Ukraine’s entry to the Eurovision Song Contest looks set to win over the hearts of viewers during the competition next week.
With Russia banned from this year’s contest and the rest of Europe watching Putin’s invasion of Ukraine with horror, it’s easy to see why Ukraine is one of the favourites to win this year.
This year, Ukrainian band Kalush Orchestra will represent the country with their song “Stefania”.
“Stefania” is already the most-watched song on YouTube of the 35 national entries ahead of the Eurovision final on 14 May. Often the amount of streams a song has before the competition is a good indication of how the country will perform. Many oddsmakers have put Ukraine as one of the likeliest to win this year.
Even if Ukraine doesn’t win with “Stefania”, the Kalush Orchestra will still leave viewers with an emotional experience. The song is dedicated to lead singer Oleh Psiuk’s mother and also delves into his experience of the war.
“I’ll always find my way home, even if all roads are destroyed,’’ say the lyrics to “Stefania”.
Many of the lyrics were written about his mother before the invasion. But since the invasion, some of the lyrics have taken on a new poignancy. Now, Psiuk believes the song is an anthem to a war-ravaged motherland.
“Indeed, some stuff in here was written long before the war, and it was dedicated to my mother,’’ Psiuk told The Associated Press from Turin, where the Eurovision final will be held.

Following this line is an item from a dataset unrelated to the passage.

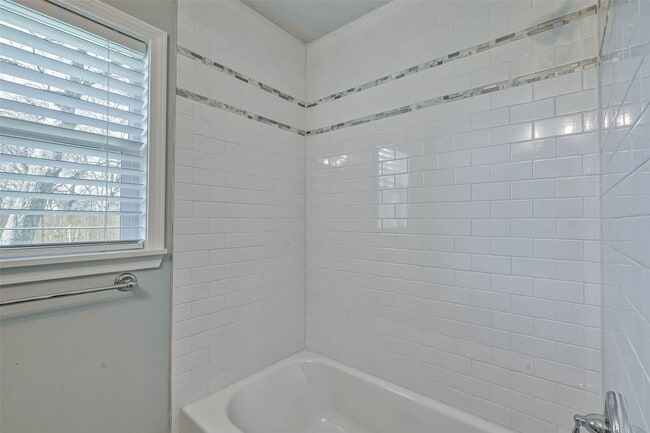 Building Photo - 3818 Noah St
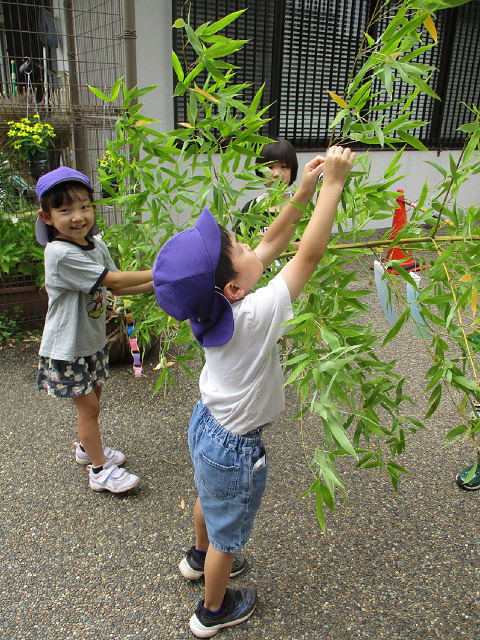 笹飾りを飾っているところ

“After it all started with the war and the hostilities, it took on additional meaning, and many people started seeing it as their mother, Ukraine, in the meaning of the country. It has become really close to the hearts of so many people in Ukraine," he said.
A unique national identity
The purpose of the song is also to demonstrate Ukraine's individuality and identity, distinguishing it from Russia.
Traditional Ukrainian folk music merges with hip-hop to create “Stefania”’s unique soundscape. There are old Ukrainian melodies and the use of a Telenka, a unique and difficult to play woodwind instrument.
Even the dance the band will perform is uniquely Ukrainian. Hopak, a Ukrainian folk dance is combined with break dancing as Kalush Orchestra perform in Cossack/streetwear combo costumes.
“We ourselves show that Ukrainian culture and Ukrainian ethnic code exists,’’ Psuik said. “Our purpose is to make Ukrainian music popular, not only in Ukraine but all over Europe. And Eurovision is the best platform for that.”
Performing as the country fights
Named after the town of Kalush, south of Lviv, where Psiuk is from, the group formed six months ago as a cultural project.
More than just a band, Kalush Orchestra includes folklore scholars and purposefully combines hip hop with traditional Ukrainian music, dance and costumes, some long-forgotten.
The group was given special dispensation to leave Ukraine for the competition. Men of conscription age have been banned from leaving the country to help with the war effort and all the members will have to return to Ukraine after the competition.
The Kalush Orchestra had to travel by land to Poland to exit the country and then travel to Italy.
“We feel a big responsibility,’’ Psiuk said. “It’s very important for us to be as useful to the country as possible. We want to represent our country decently.”
Looking ahead to the final, he added, “I really hope that after we perform it at the Eurovision Song Contest, Ukrainian music will be even more popular and heard.”